-- Task material --
____

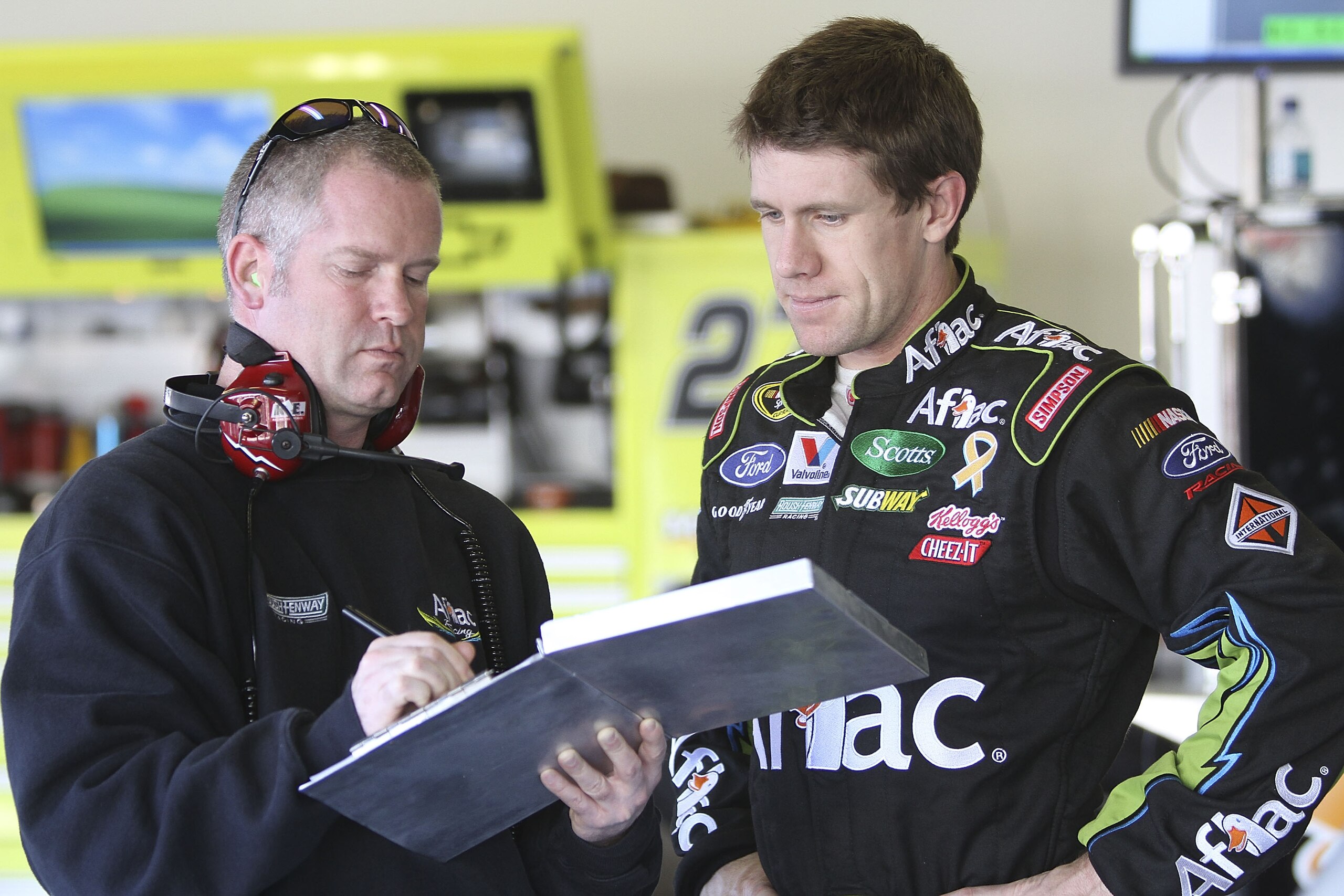 DAYTONA BEACH, FL - JANUARY 20: Carl Edwards, driver of the #99 AFLAC Ford talks with crew chief Bob Osbourne during testing at Daytona International Speedway on January 20, 2011 in Daytona Beach, Florida. (Photo by Jerry Markland/Getty Images for NASCA DAYTONA BEACH, FL - JANUARY 20: Carl Edwards, driver of the #99 AFLAC Ford talks with crew chief Bob Osbourne during testing at Daytona International Speedway on January 20, 2011 in Daytona Beach, Florida. (Photo by Jerry Markland/Getty Images for NASCA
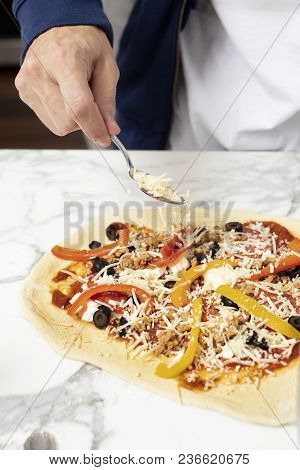 Man Pointing At Homemade Pizza Before Baking In The Oven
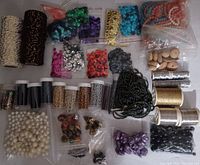 Photo displaying small bags of assorted seed beads, wooden beads, metallic threads, and pearl beads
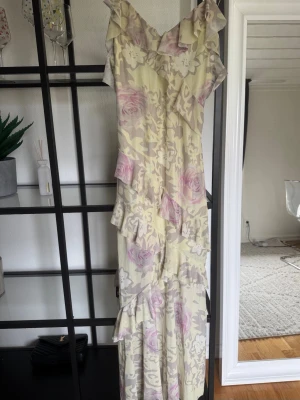 Lång blommig volangklänning - Långklänning med volanger och blommigt mönster, v-ringad. 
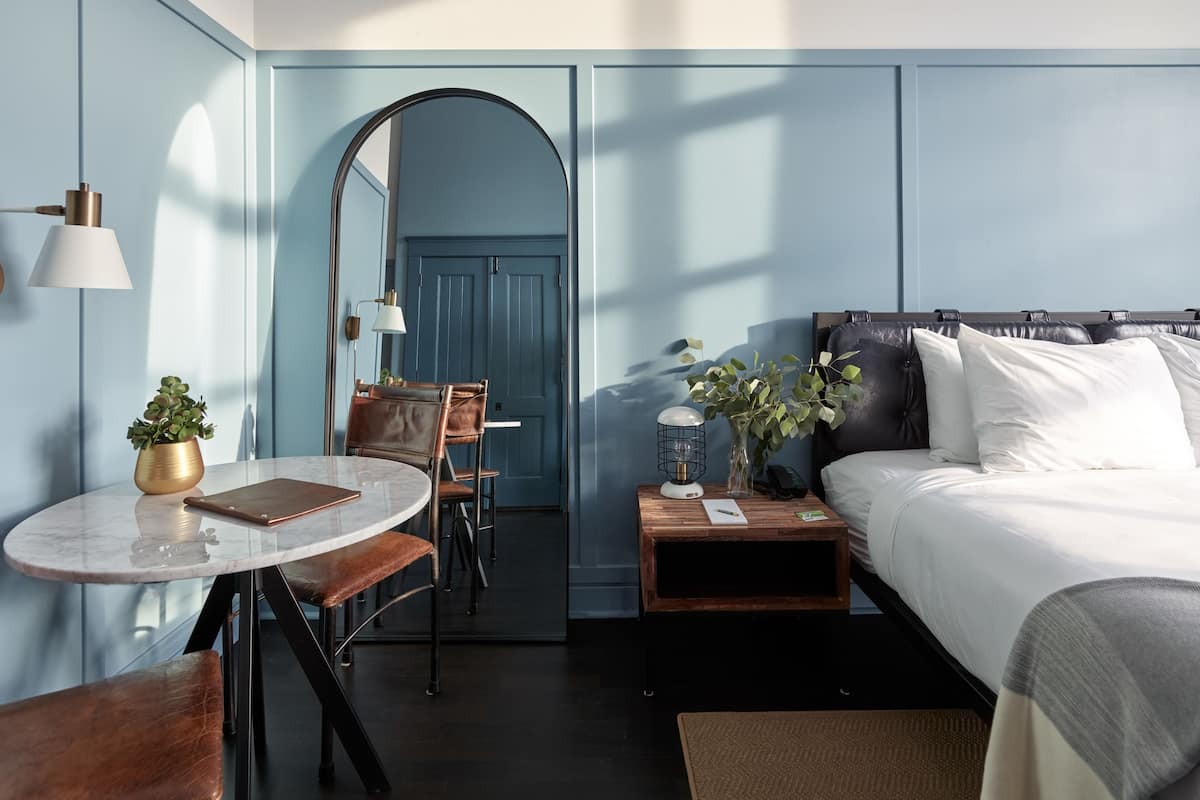 A modern hotel room with a bed, a desk, a chair, and a small table.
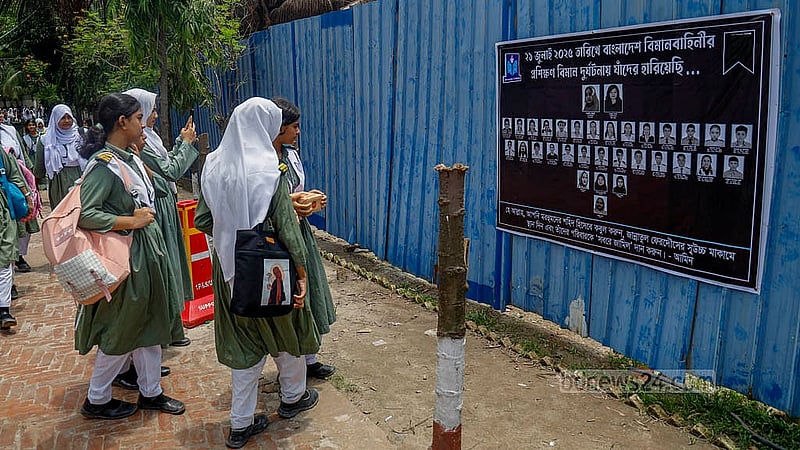 উত্তরায় মাইলস্টোন স্কুলের ক্যাম্পাসে বিমান বিধস্তের ঘটনায় নিহতদের ছবিসহ ঘটনাস্থলে লাগানো ব্যানার দেখছেন শিক্ষার্থীরা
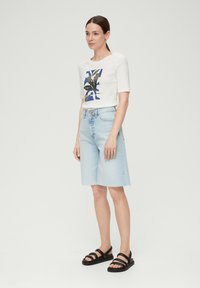 Witte korte mouwen crop top met een blauw en groen grafisch ontwerp, gecombineerd met lichtblauwe denim shorts met een rafelrand en zwarte sandalen.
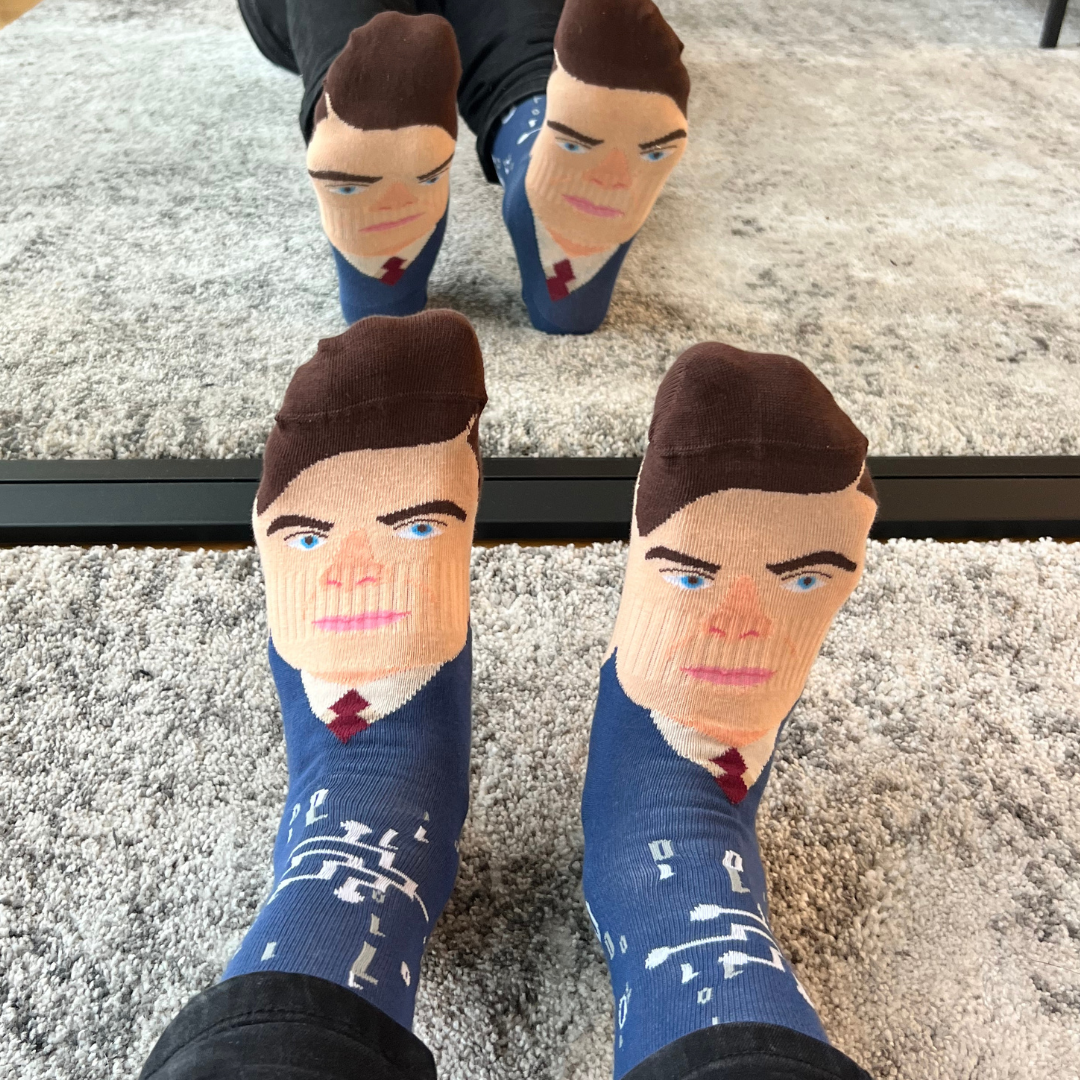 Alan Turing portrait socks worn on both feet in front of a mirror | Stand4 Socks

____

-- Task to complete --
Only the text of the records belongs in your answer, copied exactly as it appears above.

-- Answer space --
 DAYTONA BEACH, FL - JANUARY 20: Carl Edwards, driver of the #99 AFLAC Ford talks with crew chief Bob Osbourne during testing at Daytona International Speedway on January 20, 2011 in Daytona Beach, Florida. (Photo by Jerry Markland/Getty Images for NASCA DAYTONA BEACH, FL - JANUARY 20: Carl Edwards, driver of the #99 AFLAC Ford talks with crew chief Bob Osbourne during testing at Daytona International Speedway on January 20, 2011 in Daytona Beach, Florida. (Photo by Jerry Markland/Getty Images for NASCA
 Man Pointing At Homemade Pizza Before Baking In The Oven
 Photo displaying small bags of assorted seed beads, wooden beads, metallic threads, and pearl beads
 Lång blommig volangklänning - Långklänning med volanger och blommigt mönster, v-ringad. 
 A modern hotel room with a bed, a desk, a chair, and a small table.
 উত্তরায় মাইলস্টোন স্কুলের ক্যাম্পাসে বিমান বিধস্তের ঘটনায় নিহতদের ছবিসহ ঘটনাস্থলে লাগানো ব্যানার দেখছেন শিক্ষার্থীরা
 Witte korte mouwen crop top met een blauw en groen grafisch ontwerp, gecombineerd met lichtblauwe denim shorts met een rafelrand en zwarte sandalen.
 Alan Turing portrait socks worn on both feet in front of a mirror | Stand4 Socks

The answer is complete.